DDL SQL code to create a set of user-defined functions in Snowflake to enable chemical structure queries (exact structure, substructure, superstructure, similarity), chemistry data file import and export, structure manipulations and standardizations, and molecular property computations based on RDKit, an open-source toolkit for cheminformatics.
The sql folder contains the core DDL and examples. To create definitions of the core functions in your Snowflake database of choice:
- Log in to a Snowflake database where you would like the functions to be defined. The login must be mapped to a Snowflake role that allows the creation of schemas, user-defined functions, procedures and tables.

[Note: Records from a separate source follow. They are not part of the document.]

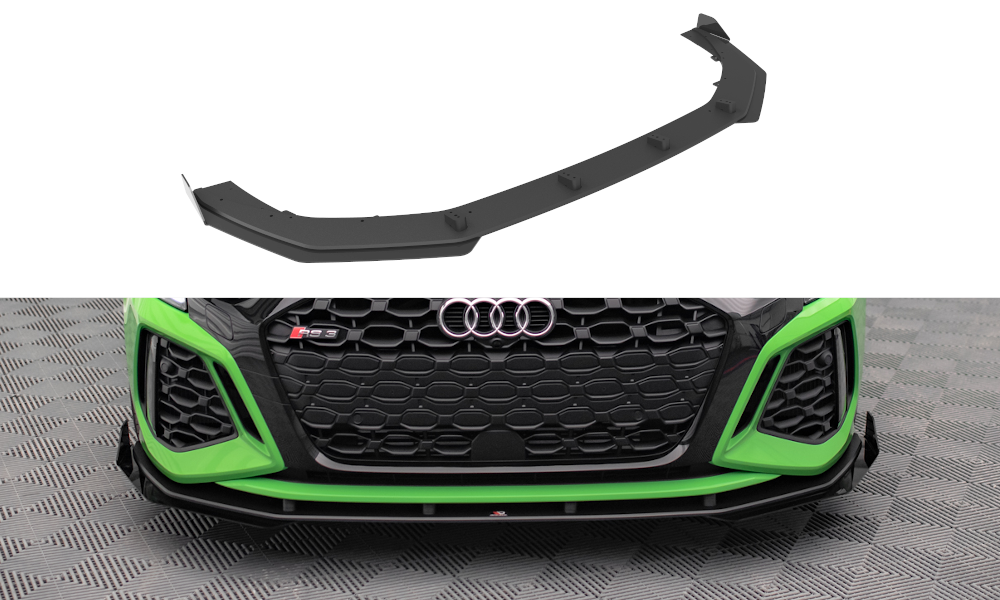 Maxton Design Street Pro Street+ Spoilerlippe Front Ansatz passend für + Flaps passend für V.1 + Flaps Audi RS3 8Y schwarz Hochglanz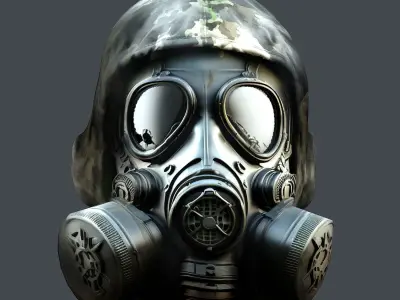 Gas mask helmet 3d model military combat Low-poly  Low-poly 3D model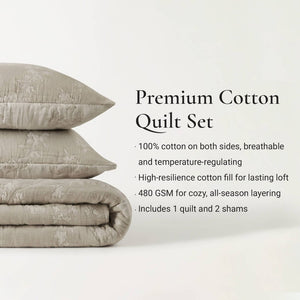 English Elm 3 Piece Jacquard Cotton Gauze Quilt Set Breathable Textured Bedding for Layered Bedroom Linen B035P529079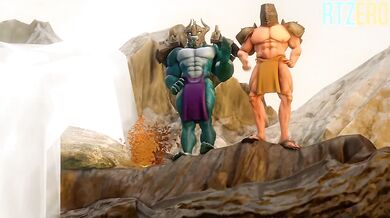 Watch as the hot spring dragons are overcome by our heroes in a steamy, erotic battle scene!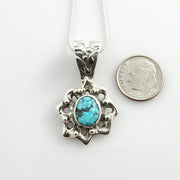 Sterling Silver Spiderweb Turquoise Pendant - DeSantis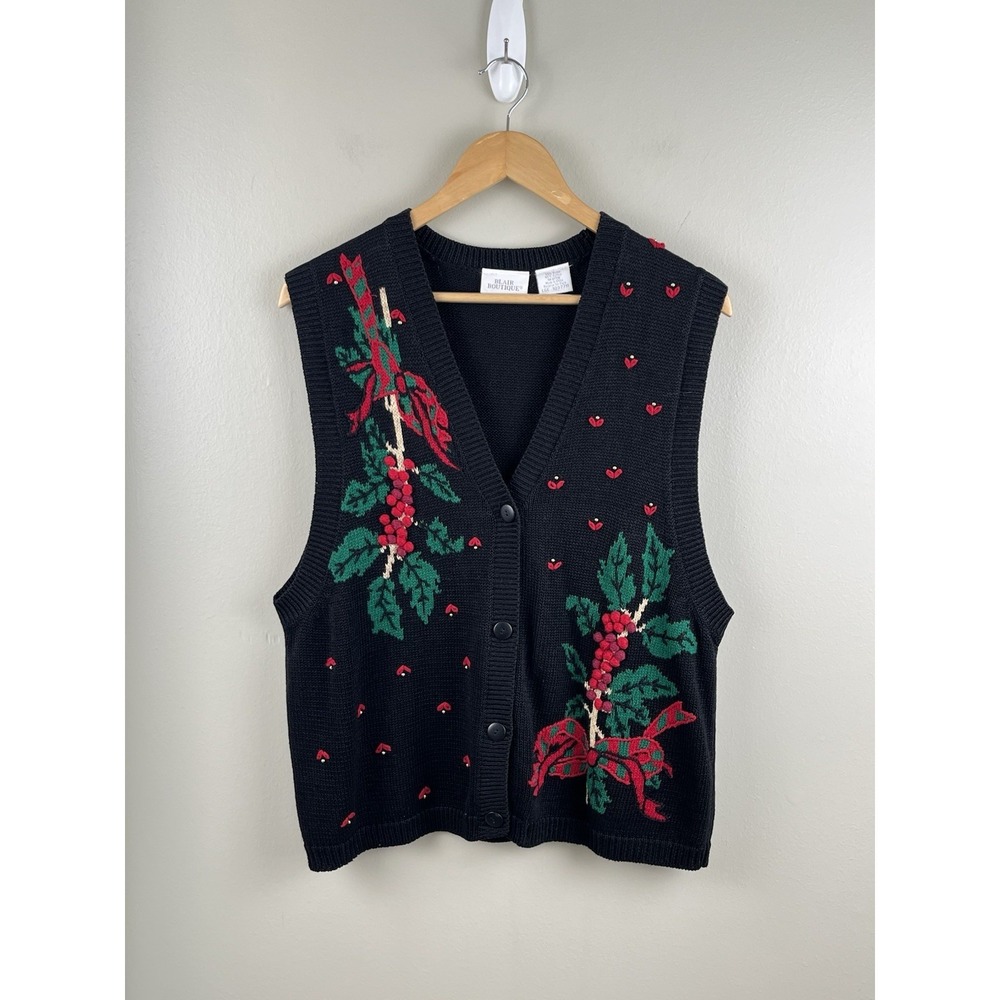 Vintage Blair Boutique Womens Sweater Vest Black Holly Granny Ugly Christmas Lg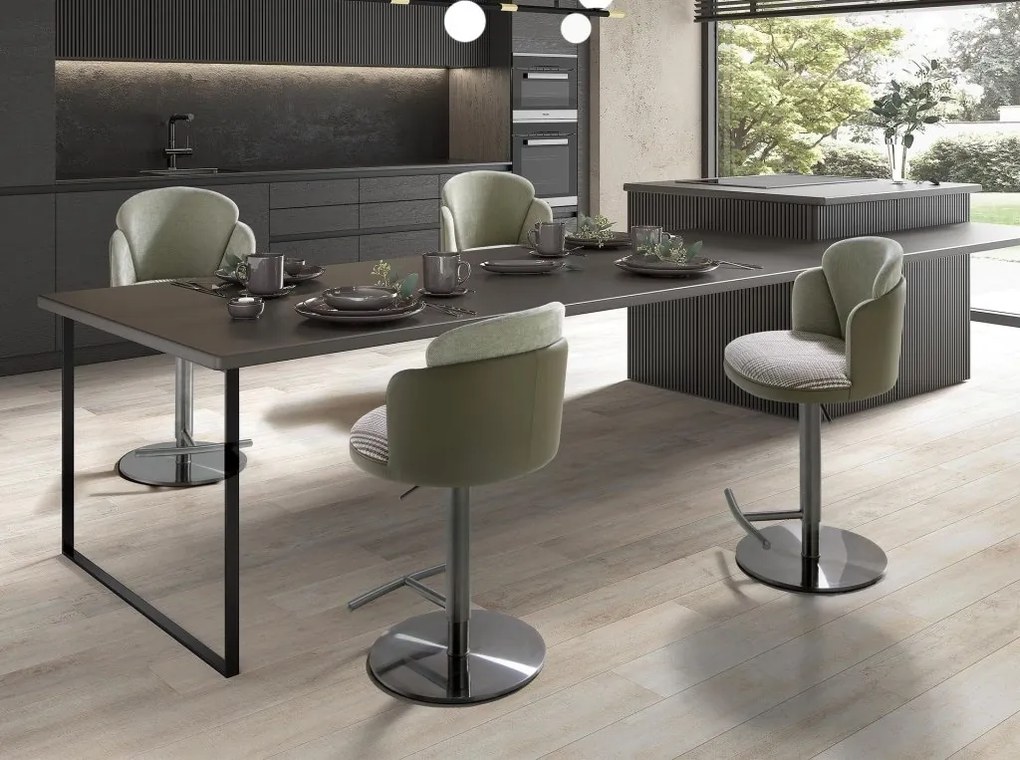 Scaun de bar pivotant cu inaltime reglabila Stool verde inchis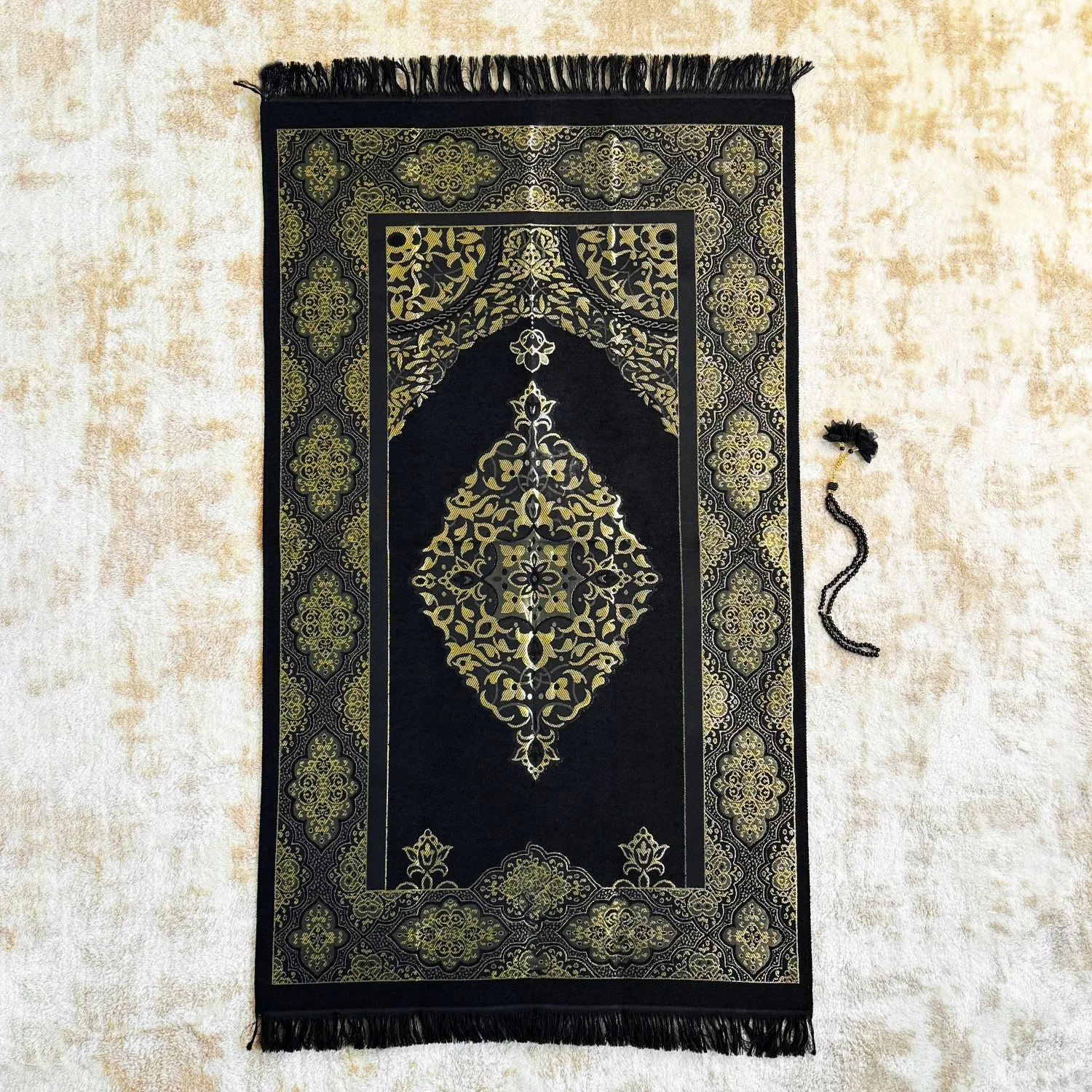 Muslim Prayer Rug, Black Color Prayer Set - Islamic Gift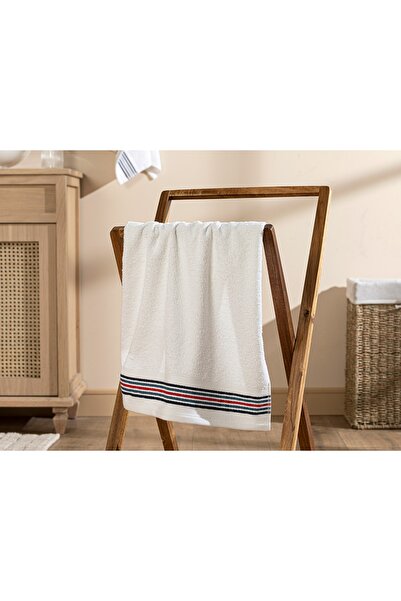 English Home Striped Cotton Face Towel 50X70 cm White - Navy Blue
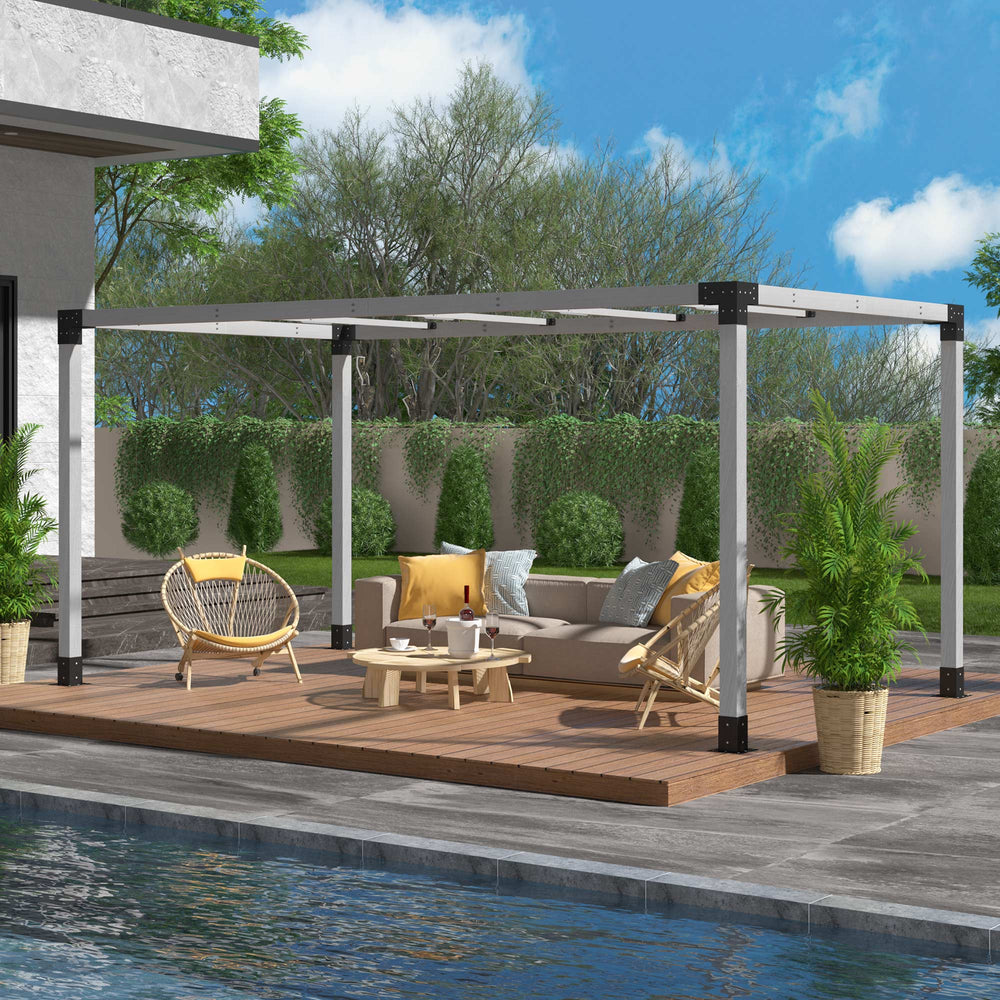 HAPPATIO 10' X 13' Outdoor Pergola Pretreated Wood Pergola for Deck, Backyard, Patio, Wooden Frame with Pergola Brackets and Expansion Screws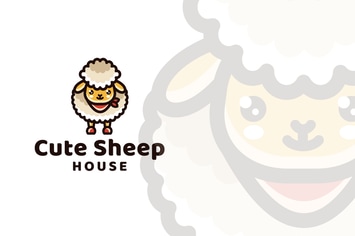 Cute Sheep House Logo Template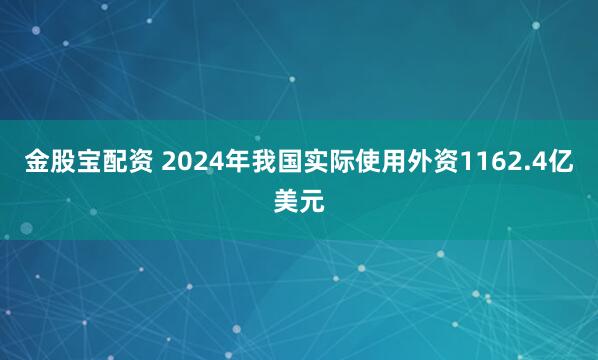 金股宝配资 2024年我国实际使用外资1162.4亿美元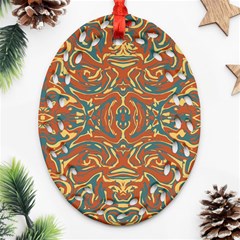 Multicolored Abstract Ornate Pattern Ornament (oval Filigree)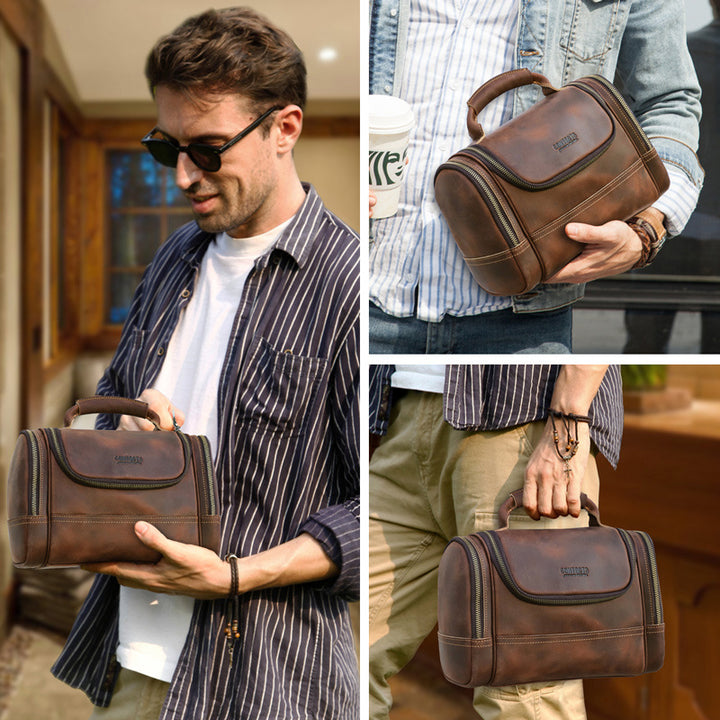 Men's Leather Pouch – Structured Cowhide Small Goods Carry by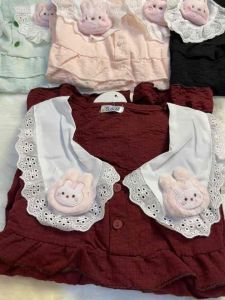 Set Bộ Pyjama Bộ Mặc Nhà Tay Cộc Quần Đùi Cổ Bèo Đính Thỏ Bông Đáng Yêu Chất Đũi Mềm Mát Áo Cộc Quần Đùi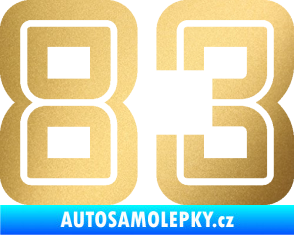 Samolepka Startovní číslo 83 typ 7 zlatá metalíza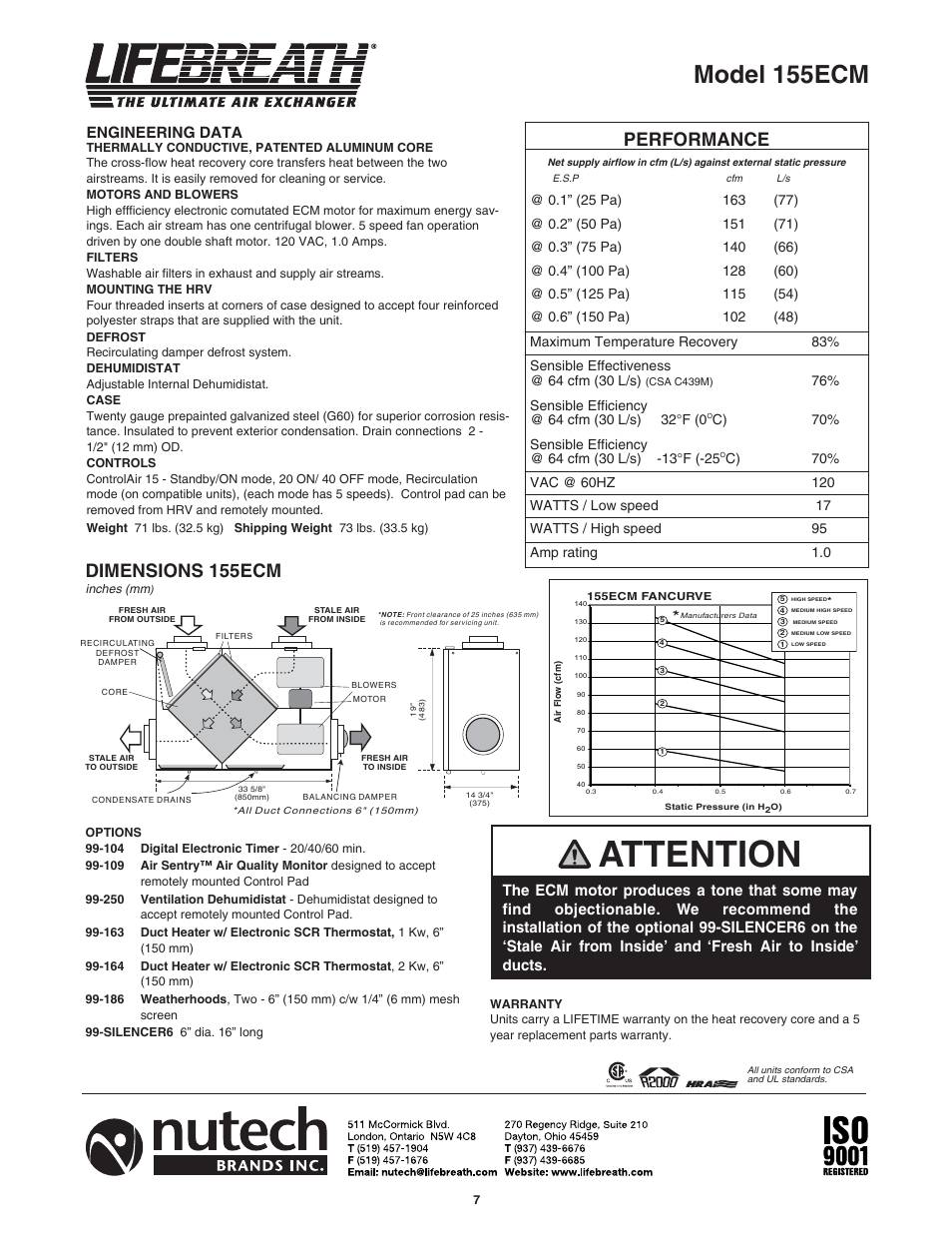 Attention, Model 155ecm, Performance | Dimensions 155ecm, Engineering data | Lifebreath 200MAX RX  EN User Manual | Page 7 / 36
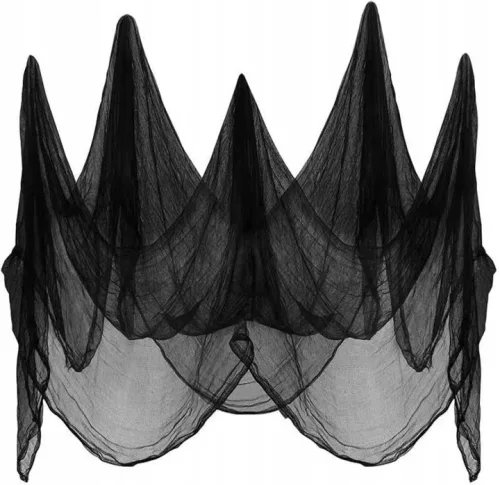 Două fețe de masă negre din plasă Korbi pentru Halloween, 200 × 250 cm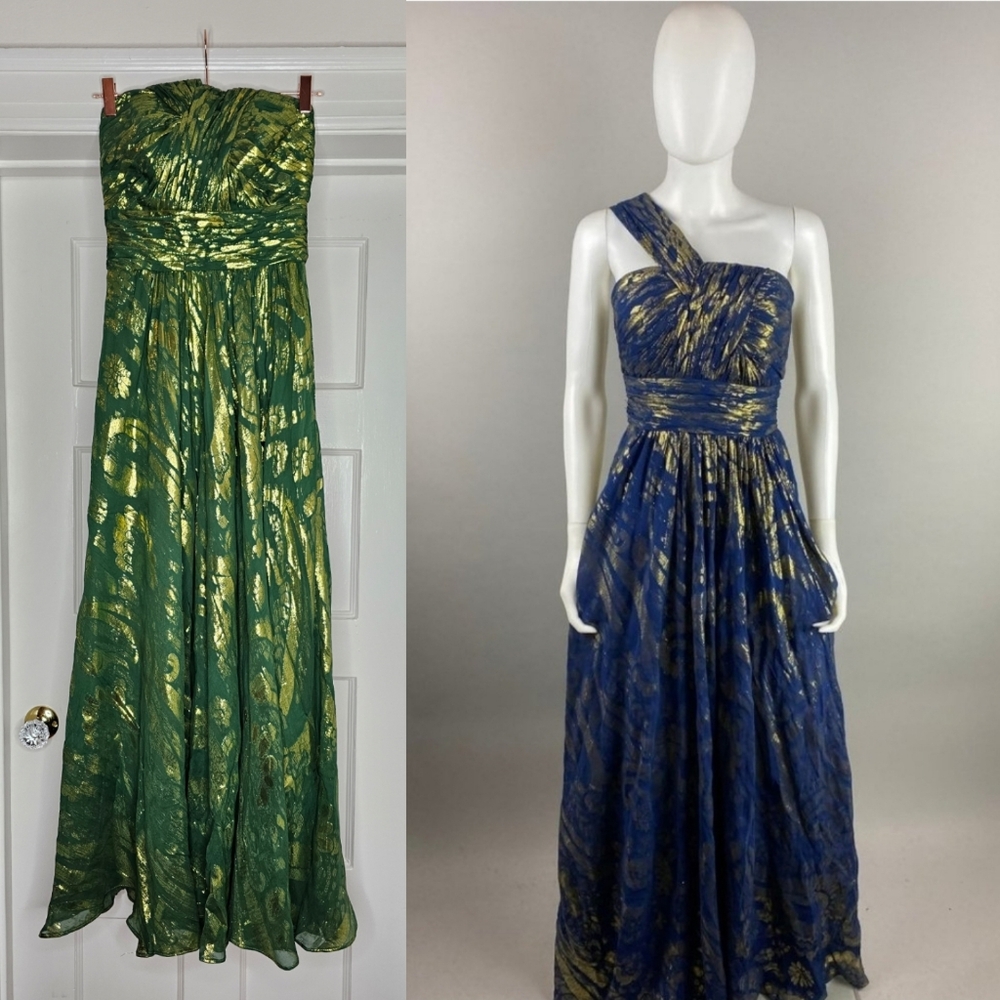 Aidan Mattox Silk Metallic Jacquard Dress
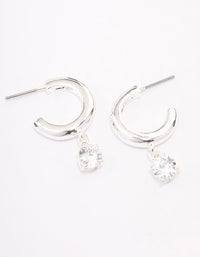 Silver Plated Cubic Zirconia Hoop Earrings - link has visual effect only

- Create a new Snowflake workbook and paste the entire contents of
sql/ChemCoreApi.sqlinto it. Make sure the session's database is set to the one in which you want the functions to be defined, and choose a warehouse to execute the SQL statements in the workbook. You may need to edit theUSE <database_name_here>line to specify the target database where you want the chem_api schema and all UDF's to be created. - Run the entire workbook.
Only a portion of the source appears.